Pero los paraísos suelen tener los días contados y en Cuba ya sabemos lo que pasó. Lo que empezó como una revolución legítima para derrocar una tiranía degeneró en otra tiranía, con un disfraz ideológico diferente. Padura ha tenido sus rifirrafes con la ortodoxia castrista, como no podía ser de otra manera en un hombre de amplitud de miras espirituales como él.
-¿Esas fricciones le han hecho identificarse con la figura del hereje?
- Más bien soy, creo, un heterodoxo, que es algo parecido, pero no es igual. Mi heterodoxia tiene que ver, sobre todo, con un problema de carácter, pues desde que soy un niño nunca me han gustado las disciplinas añadidas: ni las partidistas, ni las religiosas, ni siquiera la disciplina masónica, a pesar de que me crié y todavía vivo rodeado de masones y admiro mucho su filosofía y su ética. Y luego esa heterodoxia se ha visto incrementada con la certidumbre del fracaso de los grandes proyectos colectivos, no solo porque hayan fracasado, sino porque se han pervertido en el camino, porque nos han engañado muchas veces.
- ¿El grado de escepticismo de Padura es hoy equiparable al de Mario Conde, su hijo literario?
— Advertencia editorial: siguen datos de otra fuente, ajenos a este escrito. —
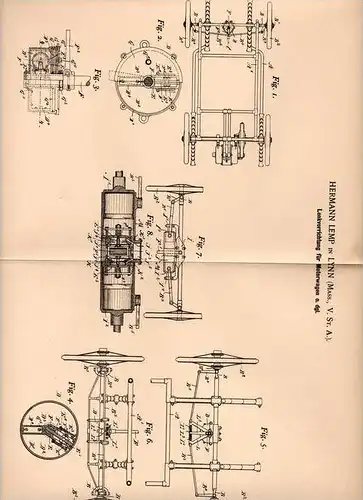 Original Patentschrift - H. Lemp in Lynn  , USA , 1900, Lenkung für Motorwagen , Automobile !!!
- Mi núcleo de creencias se ha reducido mucho. Creo en la fidelidad, por ejemplo, y como persona trato de practicarla; en la amistad, en el amor, en la fraternidad, en la inteligencia de los perros... pero no en sentidos abstractos, sino concretos. Creo en el trabajo como fuente de bienestar y de realización personal, quizás porque gracias a mi trabajo tengo lo que tengo, sin que nadie me lo haya regalado, sino porque he trabajado cada día de mi vida por muchos años, mientras otros se dedican a hablar, denigrar, beber cerveza. Creo en la literatura como exorcismo de la realidad y de los demonios personales: a través de mis libros digo muchas de las cosas que pienso de la sociedad en que vivo y de la condición humana, además de que es una fuente de satisfacción, no sólo cuando la escribo, sino también cuando la leo. Y aunque soy ateo, creo -a veces- que el mundo tiene una organización cósmica que supera la capacidad de acción o pensamiento humanos, o sea, que existe o pudiera existir algo así como un Gran Arquitecto del Universo -tal como lo llaman los masones. Pero ni le rezo ni le pido nada... Y creo, entre otras cosas en las que creo, que el mundo necesita un revulsivo profundo para ser un sitio más vivible. Tanta violencia, tanto fundamentalismo, tanto arribismo, tanta corrupción, tanto mesianismo, tanta desidia, tanto odio y envidia... es demasiado para una sociedad global que, también creo, puede estar entrando en una crisis irreversible.